诚然,本在海美消失之后收养了一只猫,主角钟秀唤了一声“Boil”,猫就跑到他的怀里,似乎是确证了自己的身份。又比如,本的家里还藏了一块钟秀送给海美的“高级”廉价手表,放在一堆同样廉价的首饰之间。聪明的观众将种种迹象勾连在一起,必能得出一个惊世骇俗的结论:本不仅是一个连环杀人狂,还是一个变态的连环杀人狂,他不仅要杀人,还要提前为那个不幸的女性画个美美的妆,之后还要把死者的遗物妥妥地收藏起来,面不改色心不跳地生活,接着寻找下一个猎物。听着都让人不寒而栗。

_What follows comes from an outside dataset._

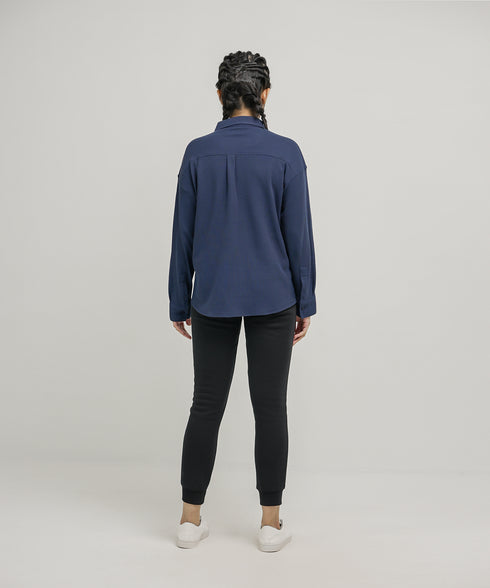 Women's Waffle Button Down Shirt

依照这种推理,李沧东所讲述的绝不是一个单纯的杀人案件。题目“燃烧”至少有三层含义:本的燃烧,是他口中的“烧塑料棚”,是他对底层人的冷漠和残酷的写照;钟秀的燃烧,是他对凶手、同时也是上层社会的冷血的愤怒回馈;海美的燃烧,是她和钟秀之间燃起的情欲。如果说,钟秀和本分别对应着非洲舞蹈中的“小饥饿”(little hunger)和“大饥饿”(great hunger),海美则兼具两种饥饿,在两名男性之间徘徊和游移。

海美无疑是一个怀有双重渴求的复杂女性,如果戛纳评审团仅仅因为“女性角色的塑造问题”而在评奖过程中忽视了这部电影,那真的是一个严重失误!只是很不巧,这里还隐藏着一个残酷的社会现实:饥饿感的产生往往与其所处的阶层有直接关系。正如钟秀与海美做爱时那道消失的光线所暗示的那样,二人的关系只得就此定格在生理层面,而满足她更高等追求的、能与她一道前往非洲寻找人生意义的人,只能是本。那种所谓的“大饥饿”,底层根本无福消受。海美的消失,不啻将韩国社会中那层重要的缓冲骤然撤除,底层和上层的激烈对撞由此成为必然。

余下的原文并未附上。